Extracting class from demangled symbol

Question

I'm trying to extract the (full) class names from demangled symbol output of nm using boost::regex. This sample program

#include <vector>

namespace Ns1
{
namespace Ns2
{
    template<typename T, class Cont>
    class A
    {
    public:
        A() {}
        ~A() {}
        void foo(const Cont& c) {}
        void bar(const A<T,Cont>& x) {}

    private:
        Cont cont;
    };
}
}

int main()
{
    Ns1::Ns2::A<int,std::vector<int> > a;
    Ns1::Ns2::A<int,std::vector<int> > b;
    std::vector<int> v;

    a.foo(v);
    a.bar(b);
}

will produce the following symbols for class A

Ns1::Ns2::A<int, std::vector<int, std::allocator<int> > >::A()
Ns1::Ns2::A<int, std::vector<int, std::allocator<int> > >::bar(Ns1::Ns2::A<int, std::vector<int, std::allocator<int> > > const&)
Ns1::Ns2::A<int, std::vector<int, std::allocator<int> > >::foo(std::vector<int, std::allocator<int> > const&)
Ns1::Ns2::A<int, std::vector<int, std::allocator<int> > >::~A()

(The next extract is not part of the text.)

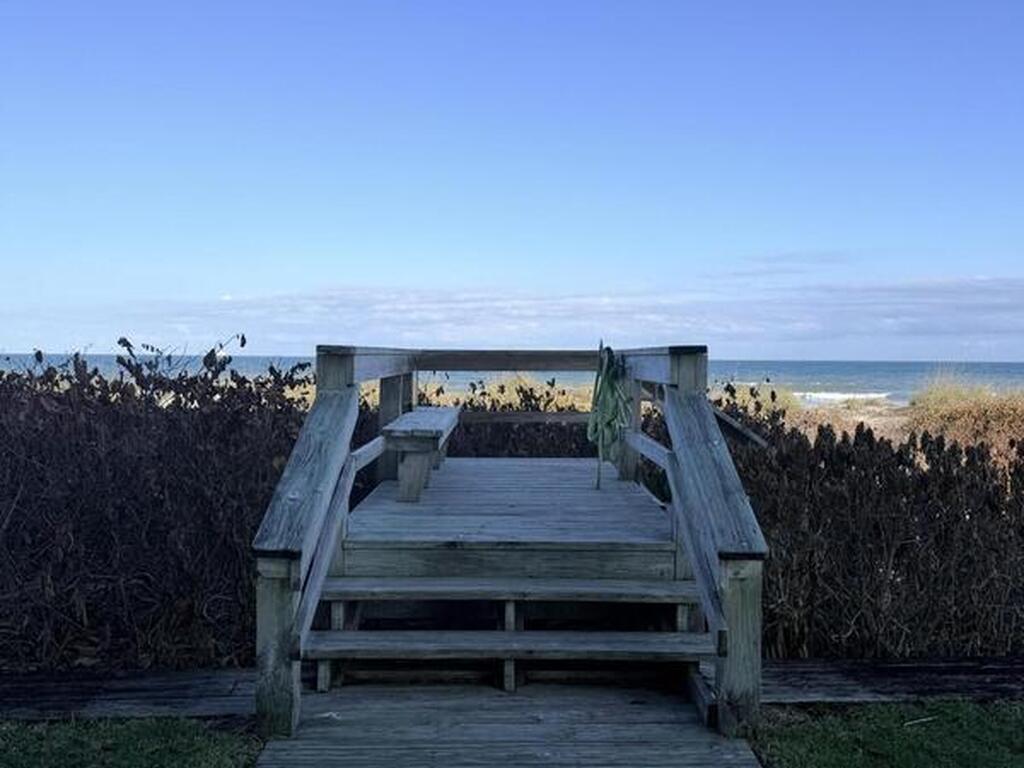 3223 S Atlantic Avenue, Cocoa Beach, FL 32931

I want to extract the class (instance) name Ns1::Ns2::A<int, std::vector<int, std::allocator<int> > > preferably using a single regular expression pattern, but I have problems to parse the recursively occuring class specifiers within the <> pairs.

Does anyone know how to do this with a regular expression pattern (that's supported by boost::regex)?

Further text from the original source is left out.